Distribution, morphology, and central projections of mesencephalic trigeminal neurons in the frog Rana ridibunda
Article first published online: 26 JAN 2005
Copyright © 1993 Wiley-Liss, Inc.
The Anatomical Record
Volume 235, Issue 1, pages 165–177, January 1993
How to Cite
Muñoz, M., Muñoz, A. and González, A. (1993), Distribution, morphology, and central projections of mesencephalic trigeminal neurons in the frog Rana ridibunda. Anat. Rec., 235: 165–177. doi: 10.1002/ar.1092350117
- Issue published online: 26 JAN 2005
- Article first published online: 26 JAN 2005
- Manuscript Accepted: 28 APR 1992
- Manuscript Received: 3 FEB 1992
- Trigeminal nerve;
- Mesencephalic trigeminal nucleus;
- Axonal transport;
The distribution, morphology, and central projections of the mesencephalic trigeminal neurons in the frog Rana ridibunda were studied with tracing techniques. Retrograde tracing with horseradish peroxidase (HRP) or the fluorescent tracer Fluorogold, and anterograde tracing by means of Phaseolus vulgaris leucoagglutinin, the fluorescent dye Dil, and HRP were used. The mesencephalic trigeminal nucleus (MesV) of Rana ridibunda is formed by a population of 100 to 125 unipolar or multipolar cells that are scattered on both sides of the rostral mesencephalic tectum. Subpopulation of Mes V cells were labeled after tracer application to ophthalmic, maxillary, and mandibular trigeminal branches, separately.

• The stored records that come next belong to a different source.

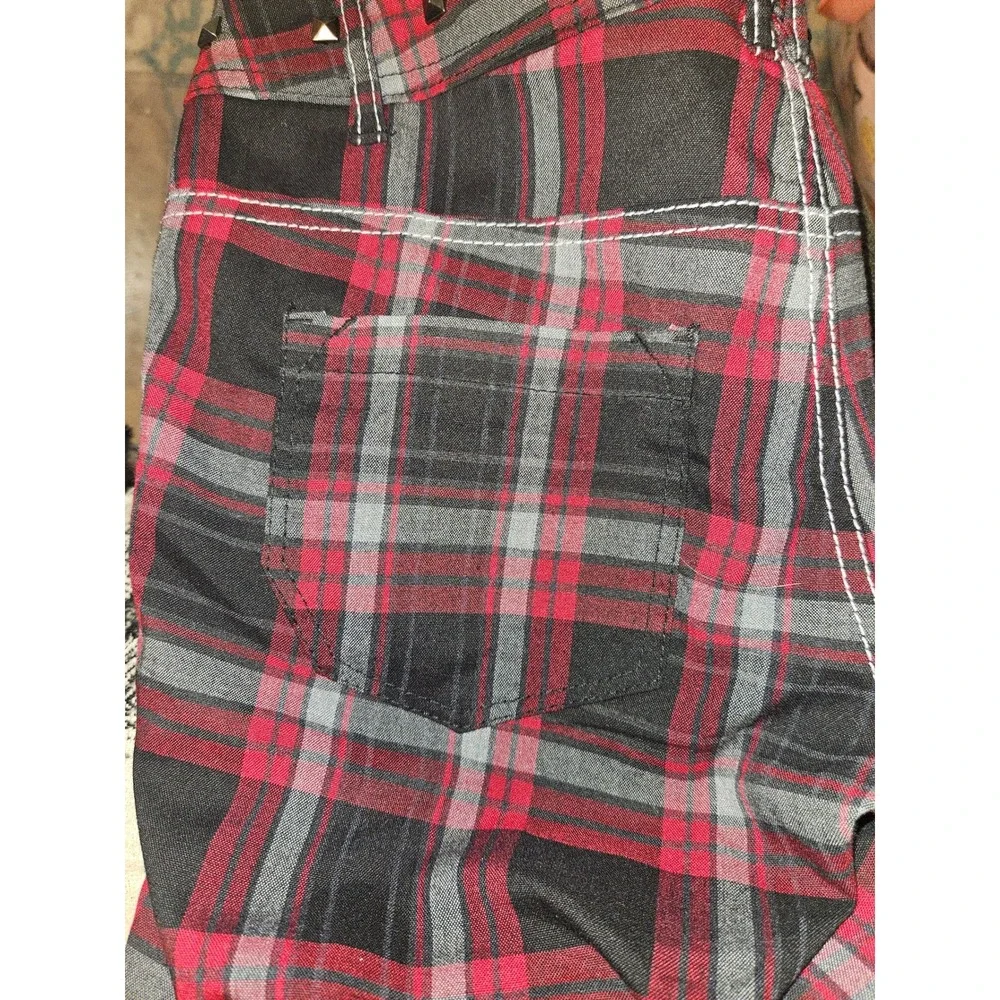 Ghosts & Angels Red Black Plaid Studded Capri Pants Womens Sz 5 Punk Grunge Y2K - Picture 6 of 6
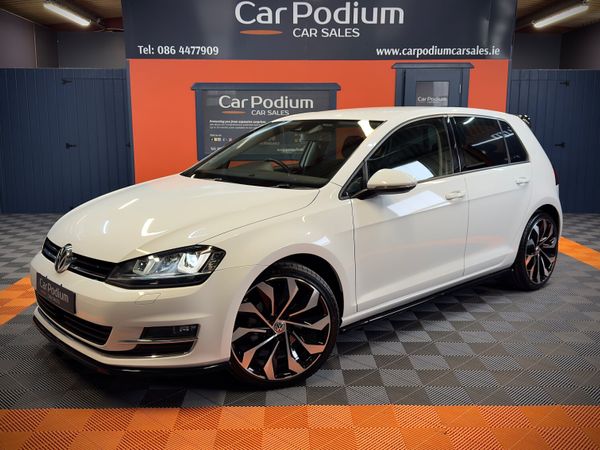 Volkswagen Golf Hatchback, Petrol, 2016, White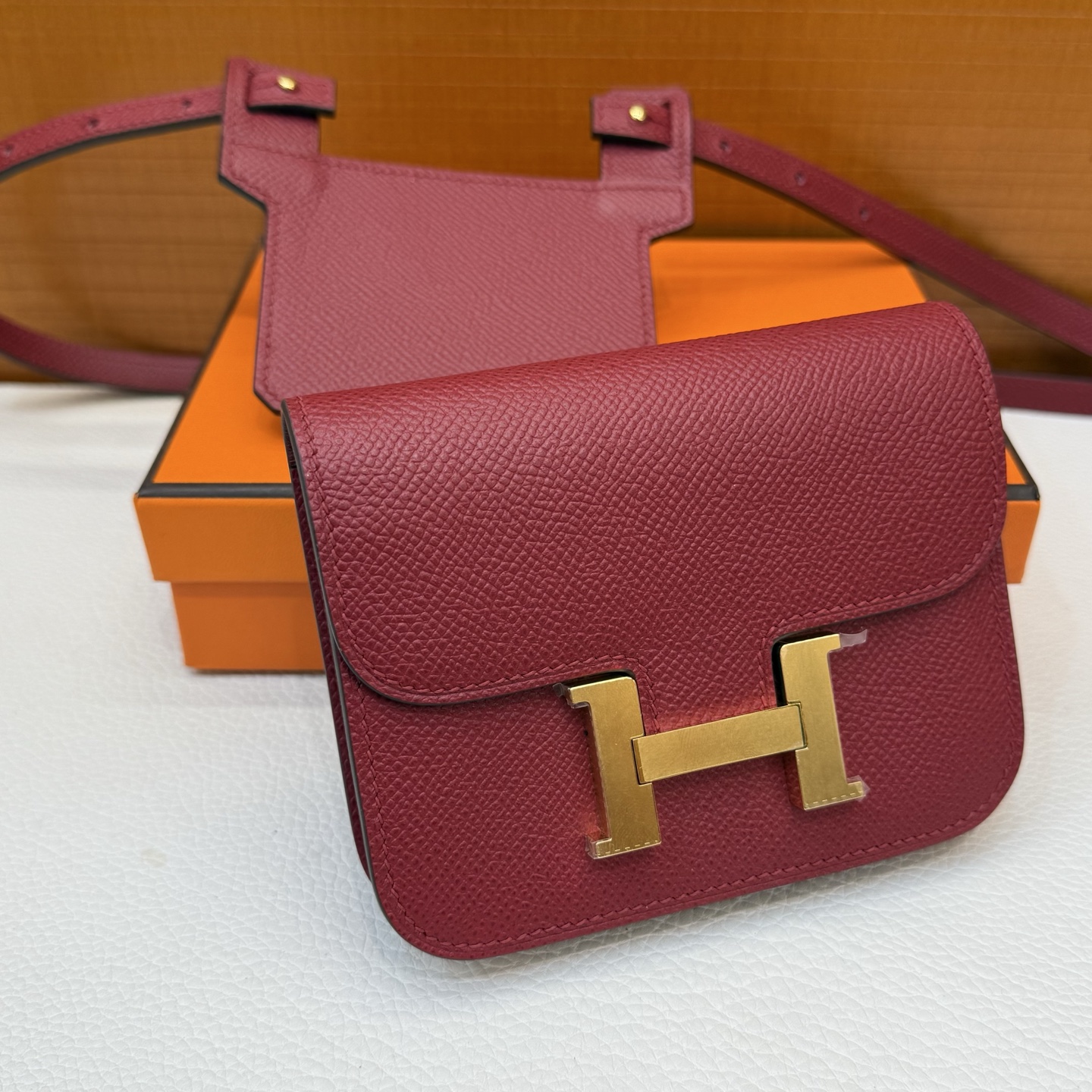 Constance Slim Epsom Color: K1 pomegranate red, fully handmade wax stitching Gold buckle customized✈️ - Image 7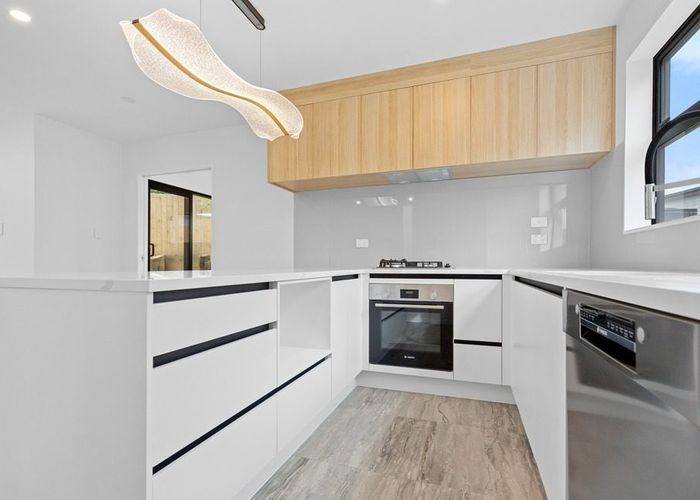  at 41 Golf Road, New Lynn, Waitakere City, Auckland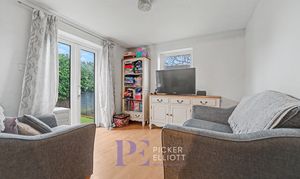 Clifton Way, Hinckley, LE10 photo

Differences in the morphology and distribution of cells in these experiments were not evident but the number of neurons labeled via the maxillary nerve was always the highest. Mes V cells have a single central branch that courses caudally in the brainstem. At different levels, it bifurcates into a peripheral branch, which leaves the brain via the trigeminal root, and a descending branch, which terminates in a region in, or close to, the trigeminal motor nucleus and in a supratrigeminal location. The lack of a distinct somatotopy in the distribution of Mes V cells and the lack of projections caudal to the trigeminal motor nucleus as revealed in this study with a wide variety of tracers are in striking contrast to previous data provided for other amphibians. © 1993 Wiley-Liss, Inc.